Non-negotiable pieces of advice
With nearly 20 years of experience in the events industry, Sam Corbett knows what it takes to run a good event. As LiveBuzz’s Operations Manager, he’s never shy of offering up his pearls of wisdom. We managed to pin him down to just five though. Want to know the fundamental principles of running a great event? Then read on…..
Never forget: register – badge – attend
The mechanics of visitor registration may be complex but the overarching aim is very simple. Register visitors, give them a badge, get them into the show. Anything which delays this process should be avoided at all costs. This is why I get concerned when the latest fad technologies are applied to what should be a straightforward process. The risk of unnecessary distraction or delay is high.
Some of these technology bandwagons strike me as cases of being clever for the sake of being clever. The hype around using RFIDs a few years ago could be seen as a good example; where did that get us? I’m not anti-technology but I am against anything which has the potential to delay people from getting into an event. Effectively, exhibitors foot the bill for these shows. They want people through the door. Walking through a door should not be a complicated process.
Putting the technology concerns aside, the registration process should never be too intrusive. Some people resent even being scanned in or out of a show. For those people, an overly long registration form can be an absolute killer. Don’t take any chances with this.
Always ask yourself “why” when posing a new demographic question. What is its objective and how are you going to use that data? Make every question count and only ask it if it’s vital.
Investigate the ‘Other’ demographic
Within any registration process, I’m always intrigued by the “Other” option which people can select when choosing their job title. I believe that if the number of event visitors who list their role as “Other” is too large, then it suggests that the organisers don’t really know their audience that well.
When confronted with such a statistic, my advice is always to interrogate that data; to find out what those job roles are which sit outside the list which the organiser has been able to define (and to then add them to next year’s list of options). There could be a whole new audience segment emerging within that data which the organiser is unaware of; a segment which the organiser may not be addressing directly in its promotional activities. Ignore them for too long and they could be gone.
Any event whose audience remains exactly the same will stagnate and could eventually die out. The answer to finding a new audience could lie within that tranche of “Other” data if only organisers could be sufficiently motivated to go digging into it.
Do not see registration as a necessary evil
Yes, there are probably more exciting things to spend money on, like advertising, branding and promotional activity, but registration is a complex undertaking which can’t be done on the cheap or with minimal forethought.
It’s worth remembering that, in the run-up to a show, the registration supplier may have more engagement with an individual visitor than the event organiser does.
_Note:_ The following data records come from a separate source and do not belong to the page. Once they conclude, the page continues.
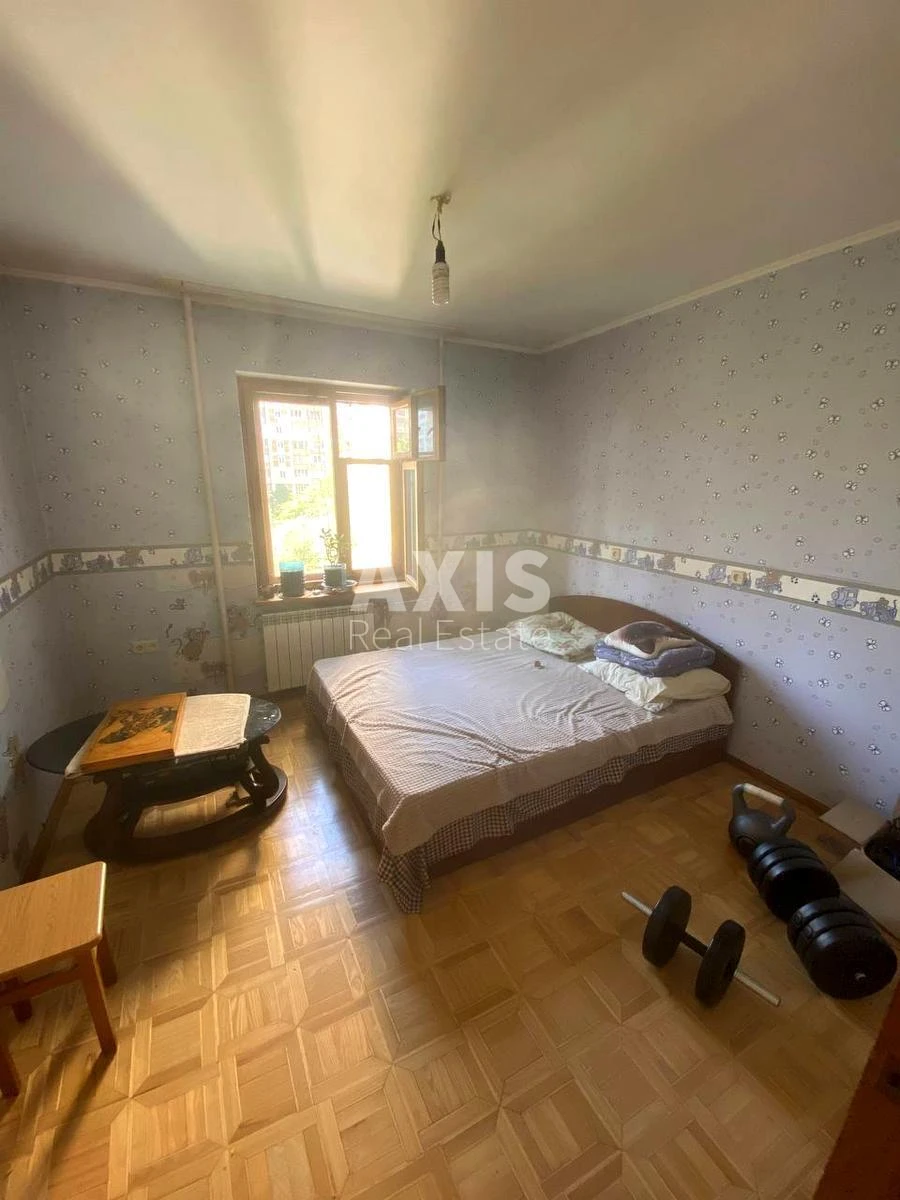 5k apartment vul. Александры Эстер 10/876653215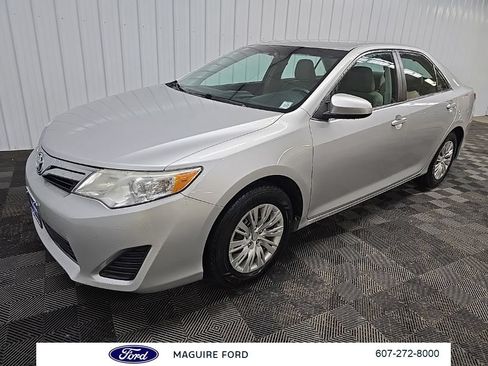 Used 2014 Toyota Camry LE FWD image 10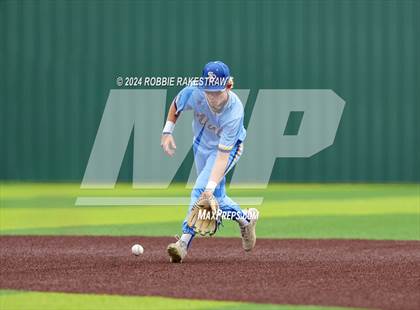 Thumbnail 3 in Sunnyvale vs. Mabank (UIL 4A Bi-District Playoff) photogallery.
The latter may engage fleetingly with a visitor over email but the registration process will engage that visitor – on the registration supplier’s own digital platforms – for longer.
If you think about it, registration is the first really meaningful part of a visitor’s event experience, whether this happens virtually or at the venue. It’s a core part of the live brand experience. Why, therefore, would you risk damaging that by using a supplier forced to operate at such a low margin that they can’t supply the service your visitors and exhibitors deserve?
From what I’ve seen, the best registration experience stems from a strong relationship between organiser and supplier where the registration process is valued and appreciated. Conversely, a relationship whereby registration is seen as an easy place to point the finger of blame for visitor numbers being low – or as an easy-to-manage commodity where price deserves to be screwed down – will always result in a less-than-ideal outcome.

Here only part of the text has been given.